The safe Routes to School Project along Bayly Road from Mace’s Lane to Governor’s Avenue also is underway. Cambridge was awarded another TAP grant of $200,000 to construct a 5-foot sidewalk and install curb. Project design is 90% complete, and construction is expected to advertise this fall.
In December 2020, SHA completed the $2.6 million MD 16 reconstruction from MD 335 to Brannock Neck Road, Church Creek, which include placing drainage structures under Church Creek Road.
Jay Meredith, SHA District Engineer for Dorchester, Somerset, Wicomico and Worcester counties, talked about full signalization at Bucktown and a full signal at Dorchester Avenue. A roundabout at Dorchester and Crusader remains “in the works but not funded.”
Dorchester County Council members mentioned other local priorities, including the Dockins intersection, Waddells Corner, Worlds End Turn and Andrews Road.
MDTA Capital Planning Director Melissa Williams discussed the Bay Bridge’s automated lane closure system, a project that will allow for more efficient opening and closing of lanes for two-way traffic operations on the bridge spans. In fall 2022, the automated lane closure system is expected to be in place in both directions of US 50.
In February, the Tier 1 Draft Environmental Impact Statement for the ongoing Chesapeake Bay Crossing Study was made available for public review and comment at baycrossingstudy.com. The MDTA held in-person and virtual public hearings in April, and the comment period ended in May. The MDTA expects to identify a Selected Corridor Alternative and publish a combined Final Environmental Impact Statement/Record of Decision this winter.MTA Local Transit Support Director Travis Johnston discussed the agency’s investments and priorities throughout the state, including keeping the transit system in a state of good repair.
MTA makes a significant investment in transit in Dorchester County by providing nearly $900,000 in FY22 operating and capital grants to support Delmarva Community Transit. In response to the COVID-19 pandemic, Dorchester County, will receive $1.8 million in Federal CARES Act funds to support transit operations and/or capital needs of Delmarva Community Transit.
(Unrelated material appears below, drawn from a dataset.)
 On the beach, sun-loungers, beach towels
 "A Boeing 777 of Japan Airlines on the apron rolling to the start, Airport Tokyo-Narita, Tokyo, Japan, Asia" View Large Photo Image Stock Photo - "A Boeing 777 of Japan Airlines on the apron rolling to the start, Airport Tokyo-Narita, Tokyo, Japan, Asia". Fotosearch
MVA Administrator Chrissy Nizer reminded those in attendance that MVA remains under an appointment only operation, allowing the administration to efficiently serve more customers. Most branches have returned to pre-pandemic levels or are exceeding monthly transactions from previous years.
Among other recent changes, customers can now renew a license up to 12 months in advance. In addition, MVA extended the new photo requirement from every eight years to every 16 years. For Commercial Driver’s License customers, expiration dates on all CDL products will be changing from five years to eight years, the same as the non-commercial license.
She also discussed the Hogan Administration’s recent announcement of more than $12,000 for the Dorchester County Sheriff’s Office to address highway safety.
MPA Harbor Development Director Kristen Fidler said the Port of Baltimore’s state-owned, public marine terminals have bounced back strong since the early months of COVID-19, when the entire international maritime industry was negatively affected. All the Port’s key cargo commodities (cars, containers, farm and construction machinery, paper and general cargo) are up significantly since then.
She noted the Port of Baltimore has approximately $250 million in state of good repair needs, not including the $100 million needed annually to maintain 135 miles of navigable shipping channels to ensure they can accommodate large ships. MPA also is expanding its Cox Creek dredged material containment site to hold additional dredged sediment from channels leading to the Port of Baltimore.
Dredging has been completed on a second, 50-foot-deep berth at the Port’s Seagirt Marine Terminal. A deeper berth will allow the Port to accommodate two ultra-large ships simultaneously. Four supersized, Neo-Panamax cranes arrived Sept. 9, and the berth is expected to be operational later this year.